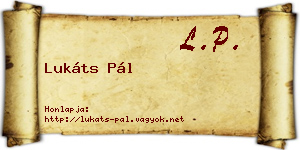 Lukáts Pál névjegykártya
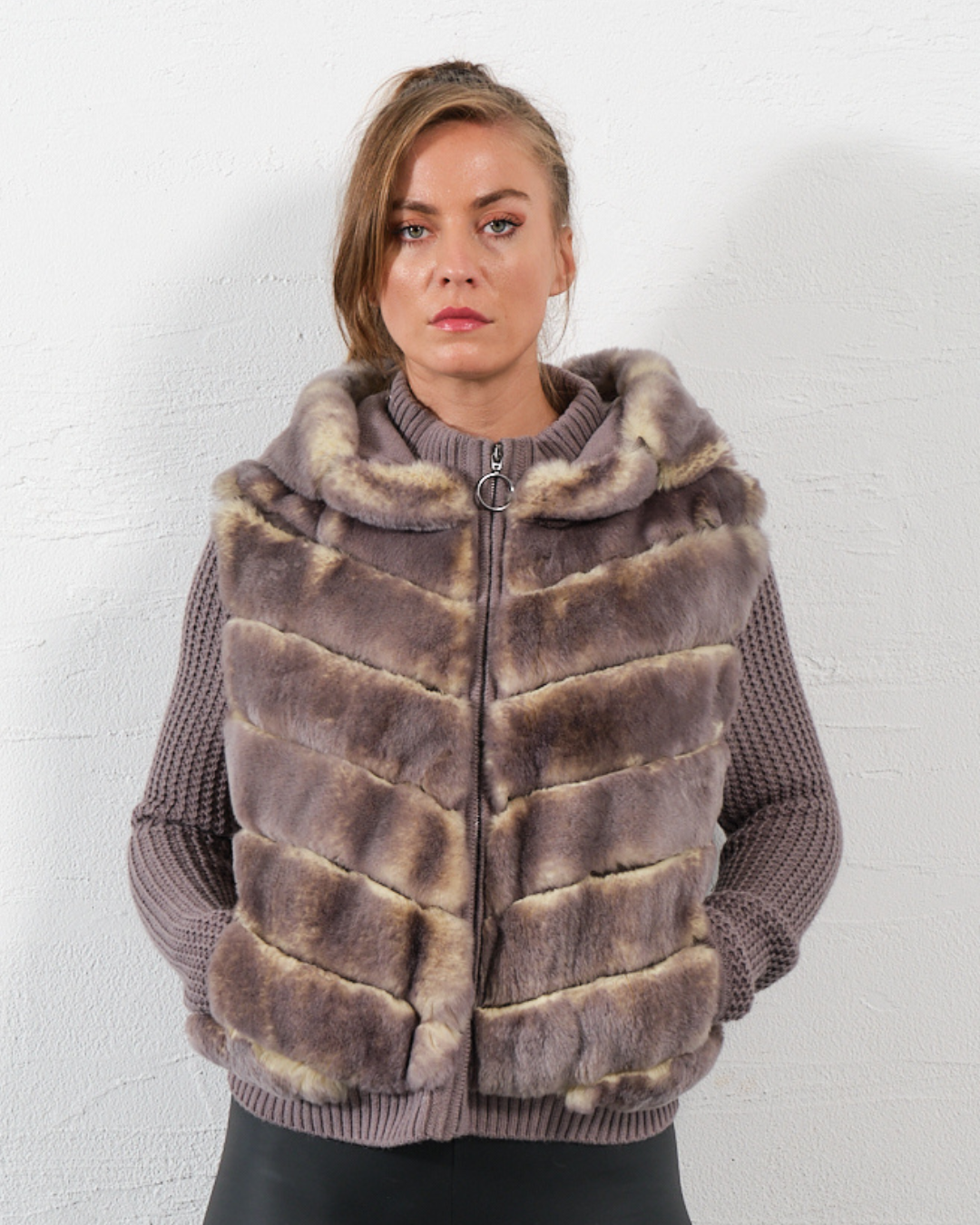 Honey Yellow Knitwear Hooded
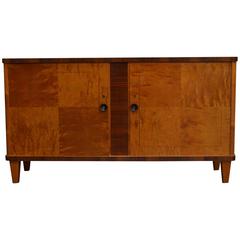 Swedish Art Deco Moderne Intarsia Sideboard Buffet Cabinet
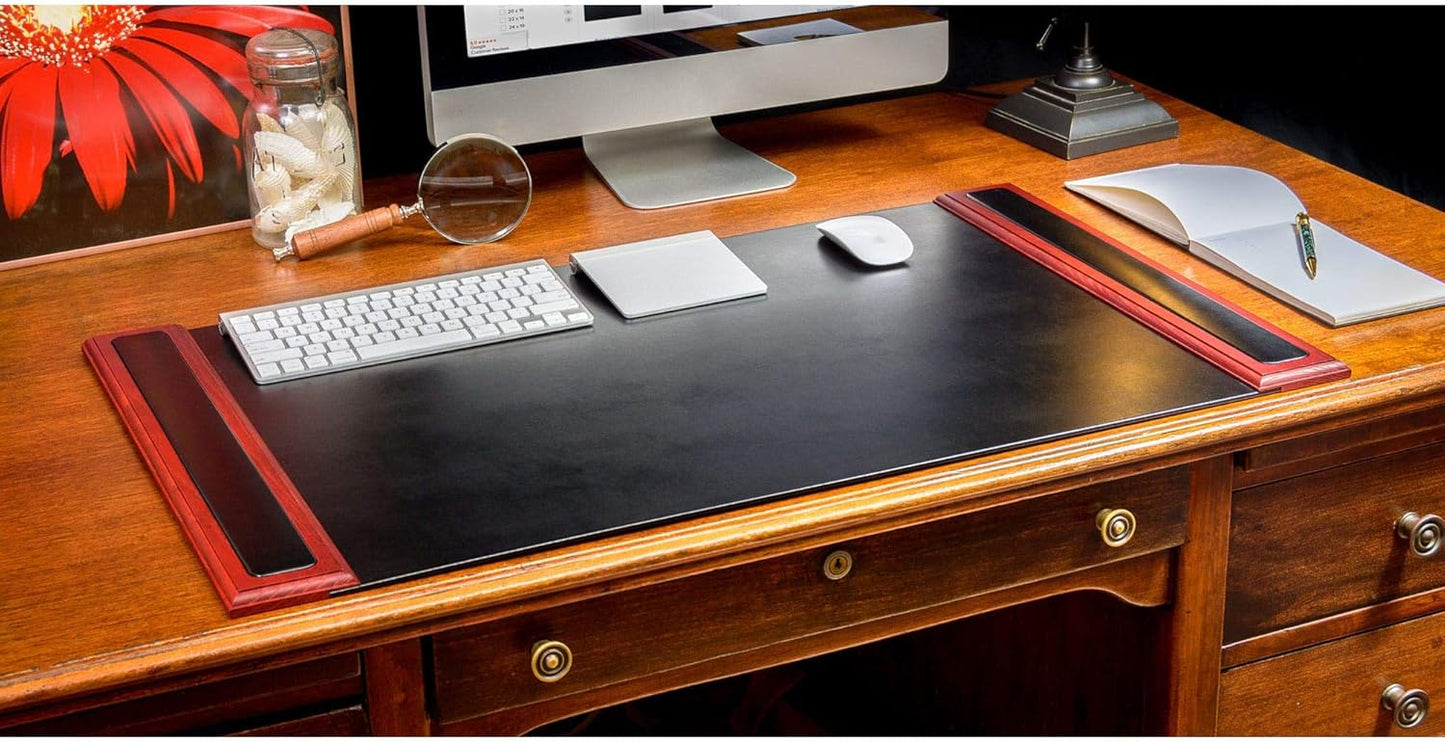 Dacasso Rosewood and Leather Desk Set, 3-Piece (D8037)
————————
_PROBLEM STATEMENT_. Transcribe exactly the span of lines from the line holding "Swedish Art Deco" through the last line above, both included. Pictures stay out.

_REPLY_.
 Swedish Art Deco Moderne Intarsia Sideboard Buffet Cabinet
 Dacasso Rosewood and Leather Desk Set, 3-Piece (D8037)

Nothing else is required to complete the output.